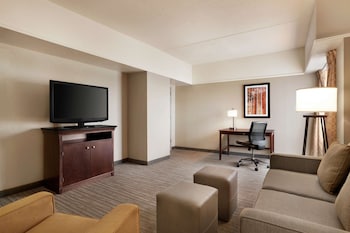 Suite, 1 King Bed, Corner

...

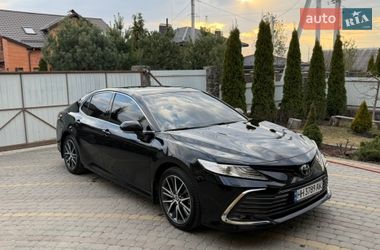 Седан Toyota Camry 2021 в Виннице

---

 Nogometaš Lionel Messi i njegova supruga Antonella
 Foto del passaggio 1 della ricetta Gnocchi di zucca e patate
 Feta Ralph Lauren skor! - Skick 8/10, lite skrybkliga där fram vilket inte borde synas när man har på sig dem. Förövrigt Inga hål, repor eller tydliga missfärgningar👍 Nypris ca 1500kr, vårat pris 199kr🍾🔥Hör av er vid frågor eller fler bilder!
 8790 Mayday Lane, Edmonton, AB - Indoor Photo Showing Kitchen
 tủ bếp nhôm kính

> _TASK ITEM_
Taking the material above, extract exactly and only the lines from the line with "Nogometaš Lionel Messi" to the line with "Foto del passaggio", inclusive of both.

> _SOLUTION TO THIS EXERCISE_
 Nogometaš Lionel Messi i njegova supruga Antonella
 Foto del passaggio 1 della ricetta Gnocchi di zucca e patate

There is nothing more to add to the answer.